Portfolio II recorded a modest return of 0.1% for the month of April. Like Portfolio I, investor support for the stocks held in Portfolio II was mixed during the month. However, given the more conservative nature of the portfolio’s composition, the swings in the individual securities were less pronounced, on average. Still, our stake in the Environmental industry took it on the chin, following an uninspiring earnings report for the first quarter. Nonetheless, there were more gainers than losers in April, with our holdings in the Food Processing, Telecom Services, and the Railroad industries being particularly notable. There was one trade in April. We sold our holdings in Molex (MOLX) shares and purchased a stake in a member of the Diversified group. In terms of profit or loss, the trade was a wash.
Portfolio III posted a loss of 3.5% in April.
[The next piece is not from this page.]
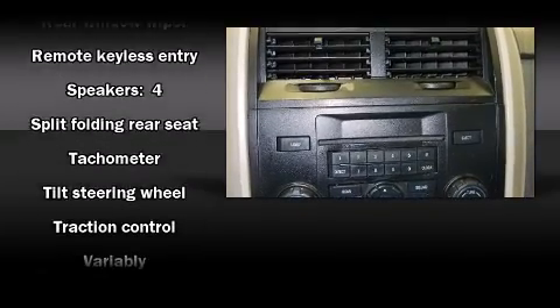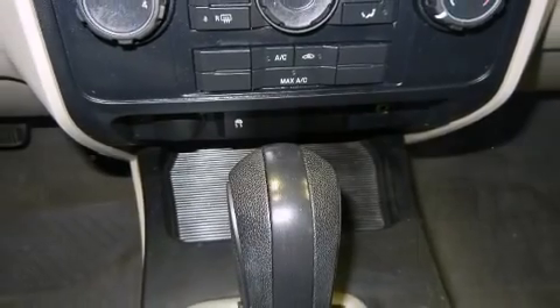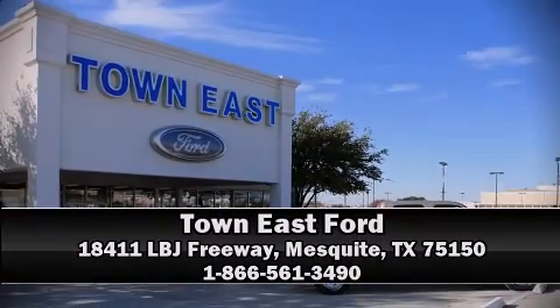It also arrives with a CARFAX history report indicating just one previous owner. Stop by our dealership or give us a call for more information.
The portfolio found support for its holdings particularly difficult to find, with only its stake in the Recreation sector and one of its positions in the Oilfield Services/Equipment business showing notable gains for the month. Meanwhile, it was its holding in the Restaurant industry, which was pressured due to profit taking in April, and one of its stakes in the Auto Parts sector, which declined sharply in the wake of the release of its first-quarter results as the month ended, that produced the most pain. There were no trades in April. Nonetheless, we remain on watch for stocks of well-managed companies whose longer-term prospects are not fully appreciated by the market.
Finally, Portfolio IV registered a gain of 0.4% in April, nicely ahead of its Mergent Dividend Achievers benchmark. Although the portfolio got a bit of a rough start to 2012, the changes made in the last couple of months to bring greater diversification to the fold seems to be having the desired effect. On point, the portfolio enjoyed respectable support for most its holdings, underscoring the value investors tend to place on high-yielding stocks in times of higher-then-normal market uncertainty. Indeed, of the 20 positions held at the end of April, only two showed loses of note, those being the stakes in the Telecom Utility and the Paper/Forest Products industries. There was one trade in April. Coal producer Alliance Resource (ARLP) was sold at a handsome profit and replaced by a member of the Environmental industry. As it stands now, Portfolio IV should remain of interest to investors focused on dividend income.
The Model Portfolios have each moved forward in the first four months of 2012. However, of the four, only Portfolio I remains ahead of its market benchmark. Nonetheless, Portfolio II held its ground in April, and its conservative composition should help cushion the volatility currently roiling the stock market. Meanwhile, Portfolio III, though it fell behind its S&P 500 benchmark in April, continues to be well-positioned for the long term, in keeping with its performance objective. Finally, Portfolio IV seems to have regained its footing, and made up ground in April, closing the gap with its Mergent Achievers benchmark. At this writing in mid-May, investors are finding the ongoing situation in Europe increasingly worrisome, and the major market averages have been on a decline since the beginning of the month, suggesting that next few weeks may not be very pleasant, either. That said, the Model Portfolios each have a unique performance objective, so they should continue to appeal to a range of investors with varying appetites for risk and return desiring exposure to the equity markets. Alternatively, the Model Portfolios can serve as a source of some of our best investment ideas.
As of this article’s writing, the author did not have positions in any of the companies mentioned.